Different qualifications awarded in the UK are assigned a size band value, ranging from 1-4, based on the learning hours. With it, a grade band point from 3-14 is also assigned.

Calculating UCAS points simply requires you to multiply your course size band value with your grade band point. 

Similarly, a specific UCAS tariff value is assigned to a particular grade for a specific qualification. For example, the tariff point equivalent to a grade A in A-Levels or an H6 in IB is 48. To check your tariff points according to your current qualifications, you can use this table from UCAS. 

These tariff points are added as per the university’s requirements. For example, if the entry requirement was previously a grade combination of AAB, the UCAS grade calculator would convert it to 112, which is the total sum of the converted grades. 

This way, if you have different qualifications, you can use the UCAS points calculator to convert them to UCAS points and add your grades to check if they meet the required thresholds.    

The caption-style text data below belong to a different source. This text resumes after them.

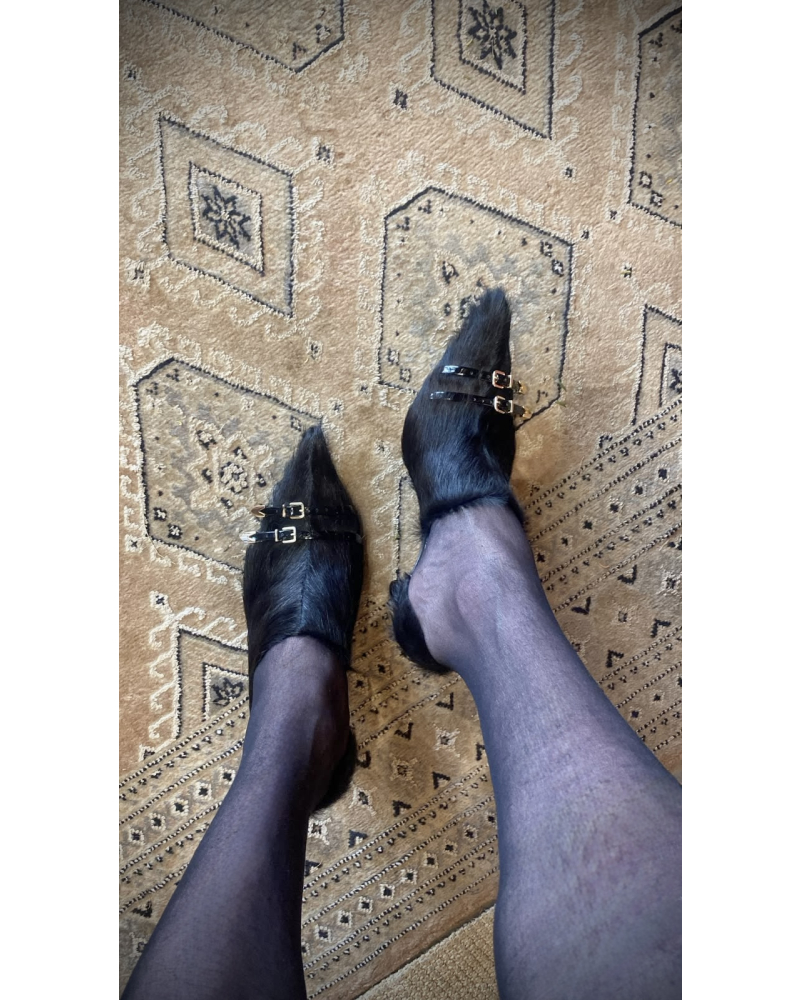 melt the lady pointed toe fur mule ブラック Mule Fur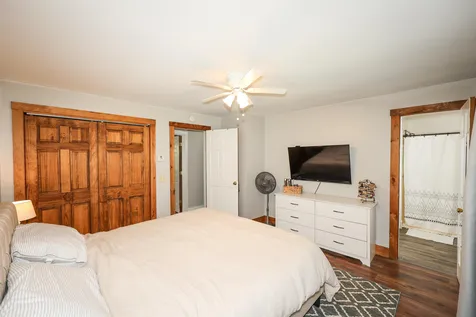 33 Scotts Drive Charlestown NH 03603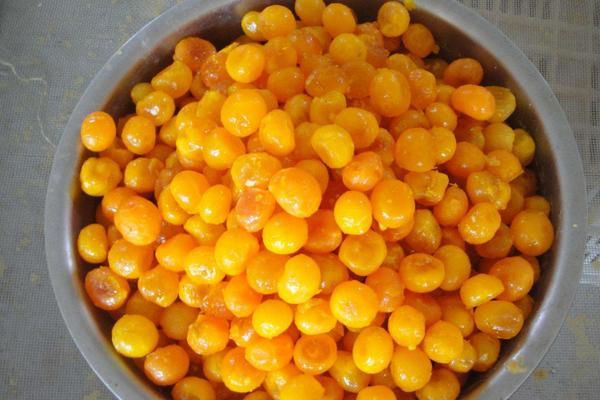 海鴨蛋和咸鴨蛋的區(qū)別是什么 咸鴨蛋的營養(yǎng)價值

We recommend using the handy UCAS calculator to directly calculate your tariff points!


Things to know about UCAS points


Calculating UCAS points can be tricky at times. However, not all universities need the tariff conversion, and those that do might have different rules and criteria. Here are a few rules that you should know before calculating UCAS points using the UCAS score calculator. 

  1. Only ⅓ of the universities listed on UCAS use tariff points. This means you might not have any tariff point requirements for most universities. The universities will end up calculating the tariff points anyway, but in this case, they are only submitting them to the government for data and league table entries. You don’t have to do anything in this case. 
  2. UCAS does not have tariff point conversions for all qualifications. However, this doesn’t mean that you cannot apply if you didn’t take conventional subjects. In such cases, universities will coordinate directly with you. 
  3. If you have completed an A level in a subject, some universities and colleges might not count the tariff points for an AS level qualification that was not completed at A level. It’s therefore important to be careful about the subjects you include in your application.
  4. The UCAS tariff is only convertible for Level 3/SCQF Level 6 qualifications. Therefore, Level 2 qualifications like the GCSE are not applicable here. 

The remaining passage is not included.